Hollywood construiu sua história sobre os ombros de heróis. Dennis Hopper, que morreu no último sábado, aos 74 anos, nunca quis ser um deles. Rebelde com muitas causas, sobretudo a do inconformismo, foi um ator que encarnava, até mais do que o anti-herói. o desconforto, a dissonância. Portanto, faz todo sentido que a primeira imagem que muitos tenham de Hopper no cinema é a de um dos jovens do elenco de Juventude Transviada, clássico de Nicholas Ray estrelado por James Dean, que dele saiu como um dos mais perenes símbolos de rebeldia adolescente na história do cinema.
Lançado em 1955, quando Hopper tinha apenas 19 anos, o filme denuncia um intenso mal-estar diante do american way of life, da aparente estabilidade de uma existência suburbana construída em torno da família de classe média nuclear, branca e protestante, que 15 anos mais tarde, em Sem Destino, seu primeiro trabalho como diretor, ele trataria de implodir em mil pedaços.

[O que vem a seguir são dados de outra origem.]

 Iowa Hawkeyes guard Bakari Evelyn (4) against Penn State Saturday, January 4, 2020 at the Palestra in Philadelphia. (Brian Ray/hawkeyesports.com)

Mais do que apenas um filme, Easy Rider , título original do longa-metragem protagonizado por Hopper e Peter Fonda, é um manifesto.

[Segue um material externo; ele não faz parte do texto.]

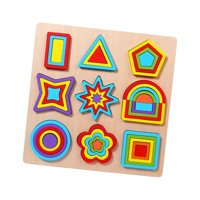Magideal - Rompecabezas De Clasificación De Formas De Madera, Colorido, Educativo, Actividad De Aprendizaje, Juguete Sensorial, Tablero Para Niños Y Niña Estilo A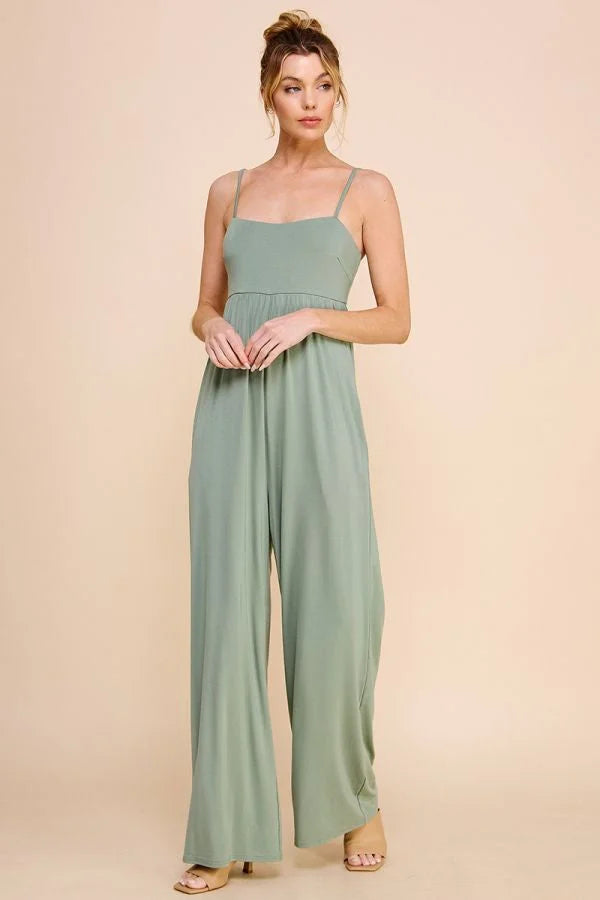 Sage green Babydoll wide leg jumpsuit with thin straps and square neckline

Ao retratar a trágica jornada de uma dupla de motoqueiros hippies, que atravessam lisergicamente as estradas dos Estados Unidos como se fossem veias de um corpo doente, em profunda crise de identidade, o filme provoca, cutuca, debocha. Por defender, em suas entrelinhas, que o establishment é uma barreira a ser derrubada, um limite a ser transposto. O que está além desses obstáculos vale mais a pena.

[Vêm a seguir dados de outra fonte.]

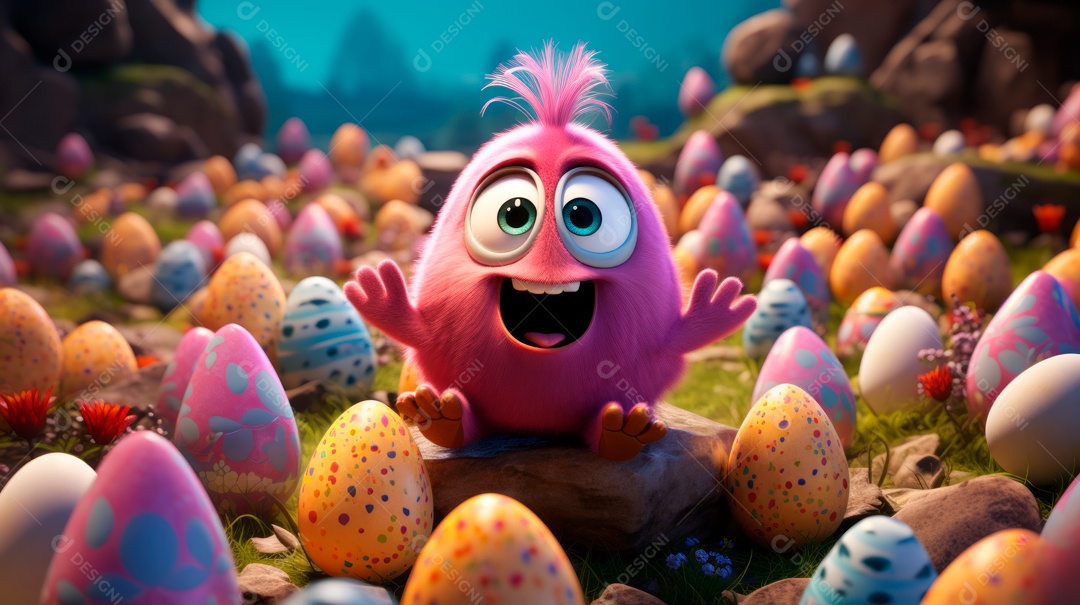 Páscoa ou dia da ressurreição de Jesus Cristo, 31 de março Desenho 3D.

Vencedor do prêmio de melhor obra de estreia no Festival de Cannes e indicado ao Oscar de roteiro adaptado, também coassinado por Fonda e Hopper, Sem Destino pertence à mesma safra de outro título importasnte, divisor de águas: Perdidos na Noite, obra-prima de John Schlesinger que venceu o Oscar de melhor filme e abalou estruturas ao permitir o protagonismo a tipos marginais como um garoto de programa interiorano (Jon Voight) e um miserável morimbundo (Dustin Hoffman).
No fim da década de 1970, Hopper teria um papel pequeno, porém importante, em Apocalipse Now (1979), polêmica releitura de Um Coração nas Trevas, romance colonialista de Joseph Conrad, transposto pelo diretor Francis Ford Coppola para a Guerra do Vietnã. No filme, Hopper não é um militar, mas um soldado da mídia, hipnotizado pelas atrocidades que primeiro vê e depois o engolem em dos mais perturbadores dramas bélicos já produzidos pelo cinema. Ele representa a mídia servil, obcenamente conivente com um conflito sem muita razão de ser.
Seis anos mais tarde, Hopper faria aquele que talvez seja seu personagem mais emblemático. Em Veludo Azul, de David Lynch, ele encarou Frank Booth, um psicopata alucinado que é a encarnação do mal. Ou melhor, o reverso da falsa normalidade suburbana que Lynch, aqui em conexão direta com a crítica social contida em Juventude transviada, busca expor. A imagem do personagem com uma máscara de inalação sobre o rosto é grotesca, assustadora. Hopper jamais teve medo de ser visto assim.